Saturday, April 5, 2014

Tilly No-Body: Catastrophes of Love - the story of the first Lulu

Take a look into the lives of Frank Wedekind and Tilly Wedekind, two well-known figures in the history of German theater.

"Tilly No-Body: Catastrophes of Love is a 70-minute, one-woman show weaving together original text and songs with extracts from Tilly's autobiography, letters between herself and Frank, snippets and themes from his plays, and a few inventions along the way. Set in a circus ring (as indeed Wedekind's first LULU play - Earth Spirit - begins), with a lute, two puppets, a circus ball and some puffs of magic, Tilly No-Body invites the audience into a world of love, loss, theatre and desire. Walking the tightrope of the absurd and the beautiful, the grotesque and sublime, the comic and the tragic - this is a paean to Frank and Tilly, and a waltz towards Weimar Germany. "

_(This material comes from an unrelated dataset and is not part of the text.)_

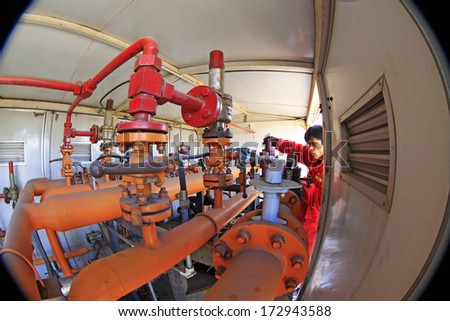 TANGSHAN, CHINA - DECEMBER 20: The worker in a compressed natural gas box and operation, in a manufacturing enterprise, on December 20, 2013, tangshan city, hebei province, China.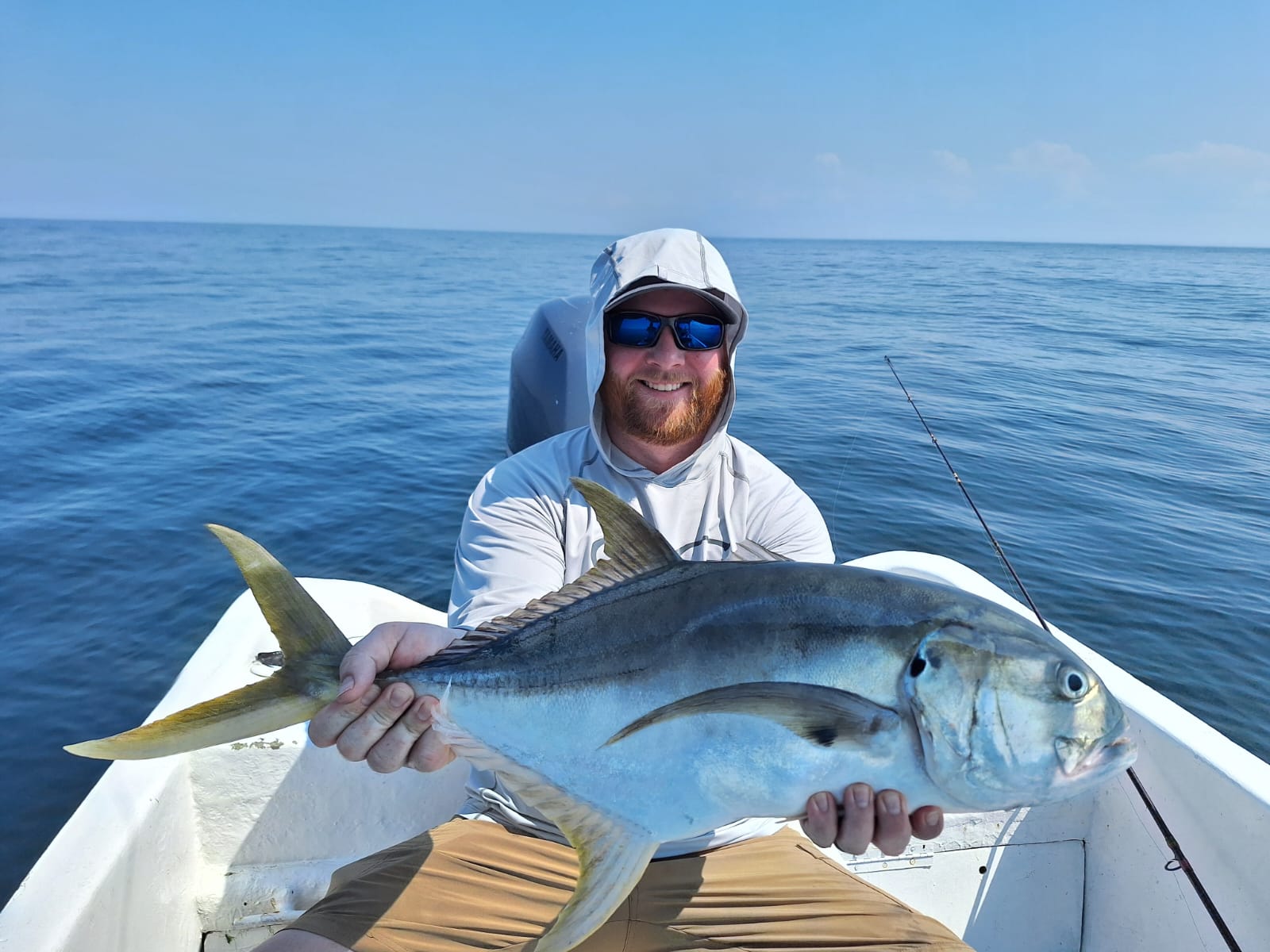 Happy angler with jack crevalle offshore Guanacaste Costa Rica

This play, written and performed by University of California, Davis professor Bella Merlin, illustrates how Tilly's mindset changed throughout her life, from her time as her husband's muse to her days as the writer's widow.


Find out more about Bella Merlin and her play, Tilly No-Body: Catastrophes of Love, by visiting her website. Or, check out this piece from 2010, when the play was staged in Davis, California.

Bella Merlin has also contributed a seminal, fascinating, thought-provoking, must read essay, "Tilly Wedekind and Lulu: The Role of Her Life or the Role in Her Life," to the book Auto/Biography and Identity: Women, Theatre and Performance, edited by Maggie B B. Gale and Vivien Gardner (Manchester University Press, 2009).